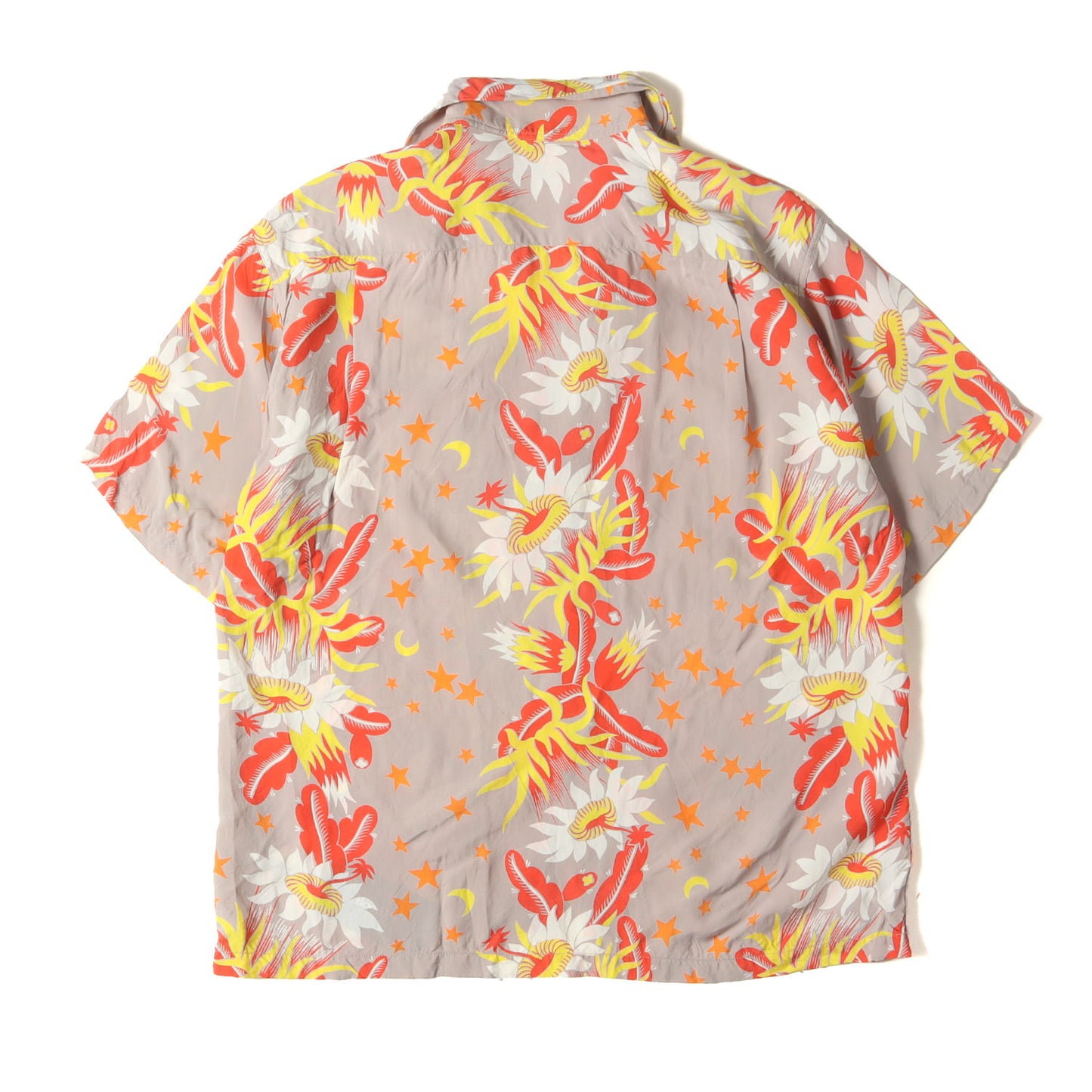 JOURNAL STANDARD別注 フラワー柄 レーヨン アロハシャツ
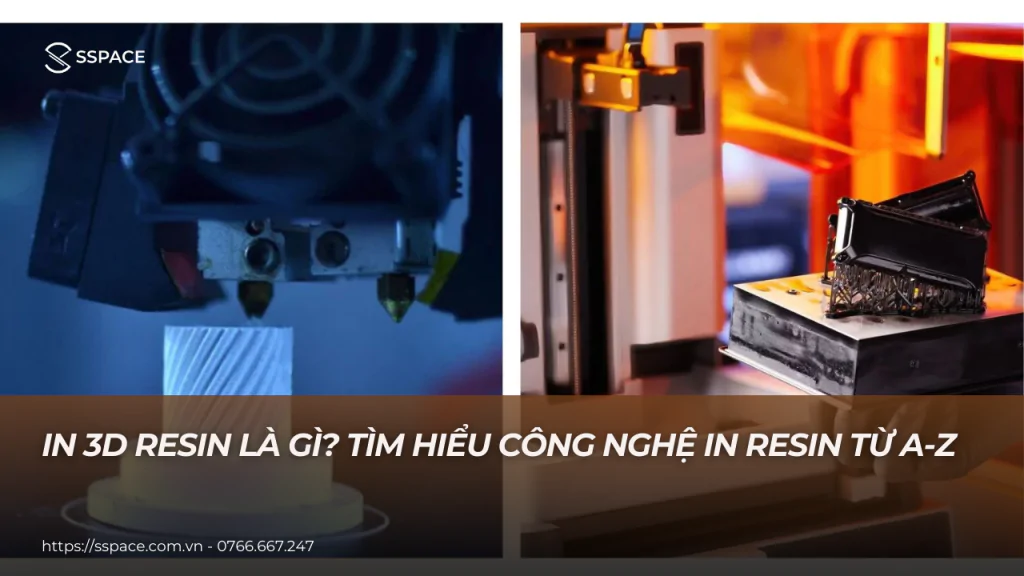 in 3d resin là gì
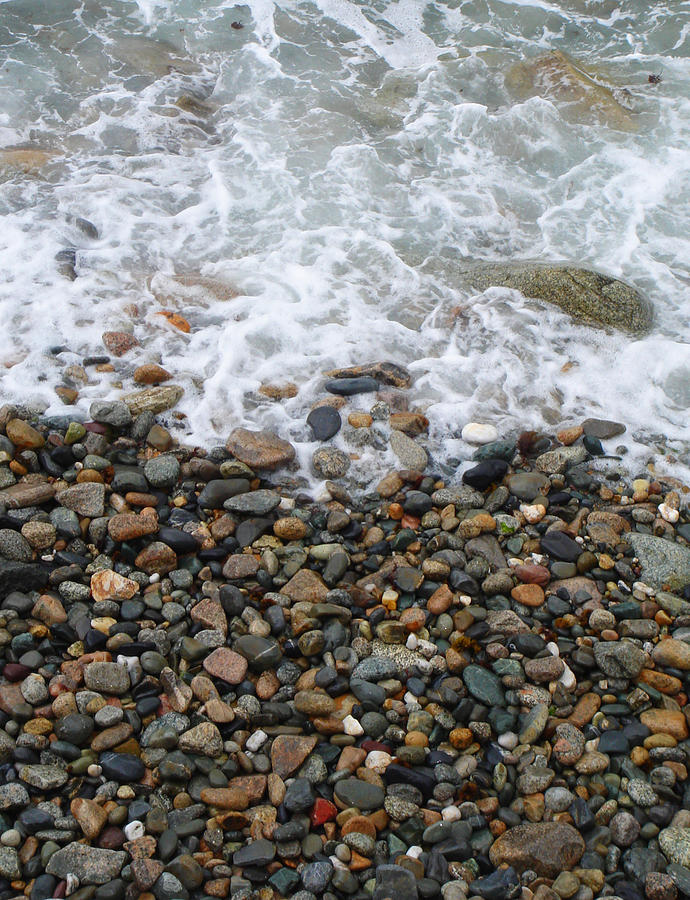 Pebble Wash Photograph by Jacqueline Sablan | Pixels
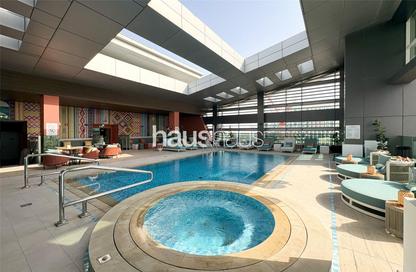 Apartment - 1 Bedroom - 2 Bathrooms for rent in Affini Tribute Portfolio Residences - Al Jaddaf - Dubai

==*==

Action item –
Reproduce the listing exactly. The pictures are to be omitted.

Task solution –
 JOURNAL STANDARD別注 フラワー柄 レーヨン アロハシャツ
 in 3d resin là gì
 Pebble Wash Photograph by Jacqueline Sablan | Pixels
 Apartment - 1 Bedroom - 2 Bathrooms for rent in Affini Tribute Portfolio Residences - Al Jaddaf - Dubai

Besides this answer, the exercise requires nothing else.